The transformation of perishables logistics requires both global coordination and local adaptation. Infrastructure investments must account for regional climate conditions, existing transportation networks, and local market characteristics. What works in temperate climates may prove inadequate in tropical regions, while solutions for developed markets may not translate directly to emerging economies.
DP World's global footprint, spanning operations across six continents with over 100,000 employees, positions the company to implement region-specific solutions while maintaining consistent quality standards. This scale enables knowledge transfer between markets, allowing successful innovations to spread while adaptations address local conditions.
For procurement professionals, the report's findings carry direct implications. Supplier selection must increasingly weight reliability and quality preservation alongside traditional cost considerations. The cheapest logistics provider may generate higher total costs when spoilage and waste are factored into the equation.
Risk management becomes more sophisticated, requiring procurement teams to assess not just direct supplier capabilities but entire supply chain ecosystems. Questions about cold-chain infrastructure, backup systems, real-time monitoring capabilities, and data sharing protocols should feature prominently in vendor evaluations.
Long-term partnerships gain importance over transactional relationships, as building truly resilient perishables supply chains requires deep collaboration. Procurement strategies should incentivize suppliers to invest in resilience measures through longer contract terms, volume commitments, or performance-based bonuses tied to quality metrics rather than purely delivery speed.
DP World's research makes clear that addressing food waste in perishables supply chains demands systemic change rather than incremental improvements.

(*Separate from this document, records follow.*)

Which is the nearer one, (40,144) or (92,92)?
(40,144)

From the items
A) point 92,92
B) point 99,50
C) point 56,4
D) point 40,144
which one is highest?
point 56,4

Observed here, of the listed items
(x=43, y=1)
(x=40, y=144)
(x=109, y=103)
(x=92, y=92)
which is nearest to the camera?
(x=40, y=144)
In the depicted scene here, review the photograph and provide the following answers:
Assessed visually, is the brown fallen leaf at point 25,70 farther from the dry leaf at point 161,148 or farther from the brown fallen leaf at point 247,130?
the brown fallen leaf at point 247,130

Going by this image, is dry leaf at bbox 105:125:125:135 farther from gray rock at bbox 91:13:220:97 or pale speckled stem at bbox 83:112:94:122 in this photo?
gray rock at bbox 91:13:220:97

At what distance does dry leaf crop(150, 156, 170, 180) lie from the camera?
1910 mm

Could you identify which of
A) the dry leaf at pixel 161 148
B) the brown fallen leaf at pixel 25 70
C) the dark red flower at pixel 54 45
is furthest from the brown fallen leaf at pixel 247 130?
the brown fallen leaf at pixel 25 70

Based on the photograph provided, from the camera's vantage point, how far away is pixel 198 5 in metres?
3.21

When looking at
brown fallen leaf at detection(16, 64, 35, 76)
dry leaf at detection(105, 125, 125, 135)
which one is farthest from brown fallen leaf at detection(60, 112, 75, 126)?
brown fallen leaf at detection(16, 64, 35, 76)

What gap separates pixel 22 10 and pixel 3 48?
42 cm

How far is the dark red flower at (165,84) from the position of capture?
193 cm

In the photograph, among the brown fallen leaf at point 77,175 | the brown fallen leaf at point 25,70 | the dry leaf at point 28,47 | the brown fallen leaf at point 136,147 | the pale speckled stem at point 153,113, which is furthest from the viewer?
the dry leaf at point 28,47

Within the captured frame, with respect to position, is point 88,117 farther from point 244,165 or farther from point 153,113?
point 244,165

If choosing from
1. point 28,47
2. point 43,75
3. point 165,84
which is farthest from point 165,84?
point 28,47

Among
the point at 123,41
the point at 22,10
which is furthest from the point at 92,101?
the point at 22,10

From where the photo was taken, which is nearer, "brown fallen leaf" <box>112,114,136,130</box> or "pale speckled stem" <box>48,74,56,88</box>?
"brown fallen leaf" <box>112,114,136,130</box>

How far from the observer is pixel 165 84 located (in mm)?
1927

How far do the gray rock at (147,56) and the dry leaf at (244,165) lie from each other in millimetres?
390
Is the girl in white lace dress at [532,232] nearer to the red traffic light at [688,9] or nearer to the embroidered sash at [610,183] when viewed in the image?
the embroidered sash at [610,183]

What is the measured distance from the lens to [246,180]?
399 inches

The infrastructure gap, particularly in developing regions, requires sustained investment over many years. Technology adoption must accelerate, bringing predictive analytics and AI into mainstream logistics operations rather than remaining confined to pilot projects.
Cultural shifts within organizations prove equally important. Supply chain managers must embrace quality and reliability metrics alongside traditional efficiency measures. Procurement teams need new evaluation frameworks that capture total value rather than initial costs. And leadership must commit to longer-term thinking, recognizing that building resilience generates returns over years rather than quarters.

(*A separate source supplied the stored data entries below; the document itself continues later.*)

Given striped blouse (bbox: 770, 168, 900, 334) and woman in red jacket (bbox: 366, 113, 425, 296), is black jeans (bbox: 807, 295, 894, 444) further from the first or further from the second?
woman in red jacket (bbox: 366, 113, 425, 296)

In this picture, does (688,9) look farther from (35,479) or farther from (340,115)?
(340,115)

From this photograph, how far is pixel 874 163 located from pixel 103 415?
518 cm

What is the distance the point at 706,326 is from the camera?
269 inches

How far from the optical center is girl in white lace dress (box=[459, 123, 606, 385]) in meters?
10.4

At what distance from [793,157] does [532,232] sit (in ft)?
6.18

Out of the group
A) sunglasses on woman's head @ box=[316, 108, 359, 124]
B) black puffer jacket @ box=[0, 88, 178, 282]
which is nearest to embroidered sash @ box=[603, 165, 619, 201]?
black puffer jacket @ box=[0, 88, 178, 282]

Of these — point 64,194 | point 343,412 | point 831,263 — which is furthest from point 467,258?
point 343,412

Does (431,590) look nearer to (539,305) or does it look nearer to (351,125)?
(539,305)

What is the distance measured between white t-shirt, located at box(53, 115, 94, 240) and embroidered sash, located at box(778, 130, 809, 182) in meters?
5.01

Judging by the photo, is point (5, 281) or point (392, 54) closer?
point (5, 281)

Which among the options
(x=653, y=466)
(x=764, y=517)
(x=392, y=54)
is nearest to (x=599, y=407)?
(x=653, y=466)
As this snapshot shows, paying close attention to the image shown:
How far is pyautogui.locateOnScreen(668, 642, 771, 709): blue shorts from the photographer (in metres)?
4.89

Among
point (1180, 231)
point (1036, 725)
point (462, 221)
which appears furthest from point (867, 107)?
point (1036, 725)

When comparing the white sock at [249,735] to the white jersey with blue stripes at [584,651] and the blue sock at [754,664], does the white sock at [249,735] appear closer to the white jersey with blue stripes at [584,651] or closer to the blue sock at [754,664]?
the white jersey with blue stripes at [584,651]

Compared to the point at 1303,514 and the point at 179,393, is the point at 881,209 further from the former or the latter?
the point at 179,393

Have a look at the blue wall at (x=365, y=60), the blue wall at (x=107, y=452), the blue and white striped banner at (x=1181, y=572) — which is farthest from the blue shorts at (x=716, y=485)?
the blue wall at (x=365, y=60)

The stakes extend beyond business performance to global food security and environmental sustainability. With the perishable goods transportation market projected to grow by 6.43 billion dollars from 2021 to 2026, the potential impact of improved logistics multiplies. Every percentage point reduction in waste translates to billions in preserved value and millions of tons of reduced greenhouse gas emissions.

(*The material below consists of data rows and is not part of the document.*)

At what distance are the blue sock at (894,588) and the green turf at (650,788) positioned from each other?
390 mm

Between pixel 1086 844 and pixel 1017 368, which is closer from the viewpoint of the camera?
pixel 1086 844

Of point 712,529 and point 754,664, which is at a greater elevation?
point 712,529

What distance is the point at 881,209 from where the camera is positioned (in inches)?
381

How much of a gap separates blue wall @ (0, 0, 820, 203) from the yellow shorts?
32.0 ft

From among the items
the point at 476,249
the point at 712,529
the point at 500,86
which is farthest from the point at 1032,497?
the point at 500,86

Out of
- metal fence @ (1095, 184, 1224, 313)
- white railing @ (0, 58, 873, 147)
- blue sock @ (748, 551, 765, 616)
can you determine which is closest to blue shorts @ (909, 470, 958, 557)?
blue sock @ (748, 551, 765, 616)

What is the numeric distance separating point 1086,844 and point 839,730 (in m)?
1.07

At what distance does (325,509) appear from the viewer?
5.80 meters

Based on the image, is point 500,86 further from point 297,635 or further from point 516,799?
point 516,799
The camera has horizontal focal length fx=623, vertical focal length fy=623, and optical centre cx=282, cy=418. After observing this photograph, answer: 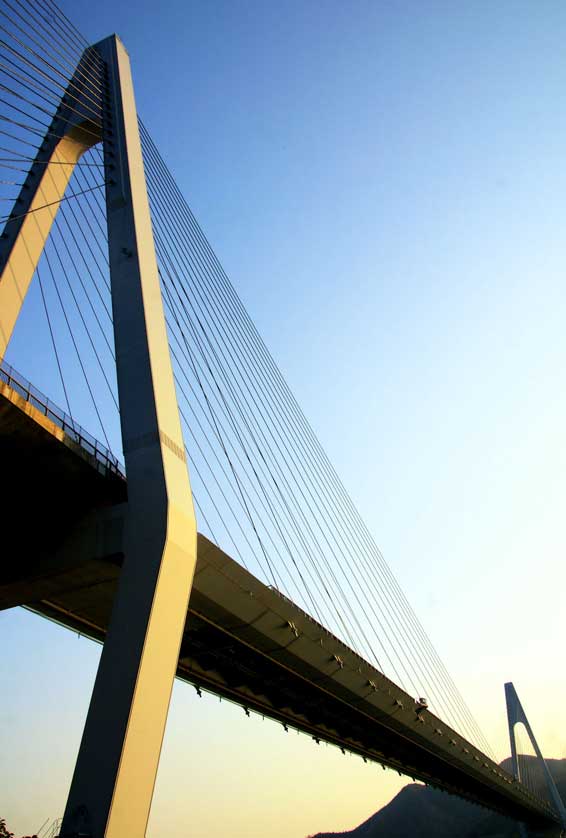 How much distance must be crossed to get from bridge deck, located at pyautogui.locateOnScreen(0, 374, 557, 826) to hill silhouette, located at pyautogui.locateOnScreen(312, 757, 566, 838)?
334ft

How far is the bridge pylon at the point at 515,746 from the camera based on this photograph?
6024cm

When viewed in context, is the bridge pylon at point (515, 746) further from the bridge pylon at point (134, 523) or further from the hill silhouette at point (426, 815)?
the bridge pylon at point (134, 523)

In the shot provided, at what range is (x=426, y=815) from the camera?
5143 inches

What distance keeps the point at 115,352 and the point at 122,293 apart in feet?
4.76

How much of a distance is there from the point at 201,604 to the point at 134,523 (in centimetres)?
586

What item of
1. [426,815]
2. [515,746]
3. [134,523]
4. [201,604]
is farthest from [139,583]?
[426,815]

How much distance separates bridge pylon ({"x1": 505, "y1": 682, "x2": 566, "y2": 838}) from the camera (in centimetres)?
6024

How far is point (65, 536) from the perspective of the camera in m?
12.1

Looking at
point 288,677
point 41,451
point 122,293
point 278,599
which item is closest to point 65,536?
point 41,451

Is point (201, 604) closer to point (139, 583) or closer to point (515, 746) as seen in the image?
point (139, 583)

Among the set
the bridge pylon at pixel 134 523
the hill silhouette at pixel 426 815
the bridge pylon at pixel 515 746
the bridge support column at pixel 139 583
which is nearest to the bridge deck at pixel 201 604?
the bridge pylon at pixel 134 523

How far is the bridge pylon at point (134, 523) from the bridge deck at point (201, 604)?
3.41 ft

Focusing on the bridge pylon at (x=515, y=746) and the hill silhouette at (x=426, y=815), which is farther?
the hill silhouette at (x=426, y=815)

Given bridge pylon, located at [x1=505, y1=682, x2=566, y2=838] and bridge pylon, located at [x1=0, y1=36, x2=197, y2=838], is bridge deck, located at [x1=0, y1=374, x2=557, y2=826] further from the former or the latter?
bridge pylon, located at [x1=505, y1=682, x2=566, y2=838] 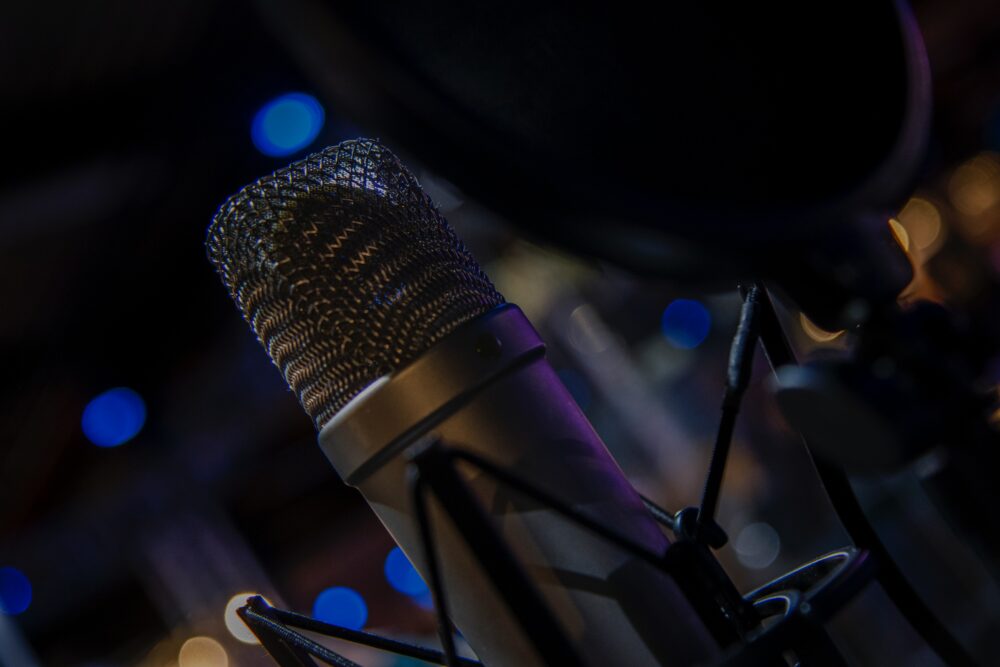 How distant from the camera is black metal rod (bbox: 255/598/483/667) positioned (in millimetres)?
497

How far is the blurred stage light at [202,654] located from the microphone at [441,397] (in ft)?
9.42

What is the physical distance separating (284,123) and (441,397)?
2.07 m

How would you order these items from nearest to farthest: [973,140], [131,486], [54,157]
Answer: [54,157] → [131,486] → [973,140]

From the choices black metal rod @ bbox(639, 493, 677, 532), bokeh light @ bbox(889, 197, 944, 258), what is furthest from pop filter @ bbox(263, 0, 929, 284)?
bokeh light @ bbox(889, 197, 944, 258)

DP World's report on perishables logistics reveals both the magnitude of current waste and the path toward solutions. By understanding cargo owner priorities, investing strategically in cold-chain infrastructure, leveraging predictive technologies, and measuring performance through quality outcomes, the industry can transform its resilience fundamentally.
The transition from reactive to proactive supply chain management requires commitment across the entire logistics ecosystem. Procurement decisions today shape the capabilities available tomorrow, making strategic sourcing a critical lever for change. As climate pressures intensify and consumer expectations for sustainable practices grow, companies that invest in resilient perishables logistics will gain competitive advantages while contributing to broader societal goals.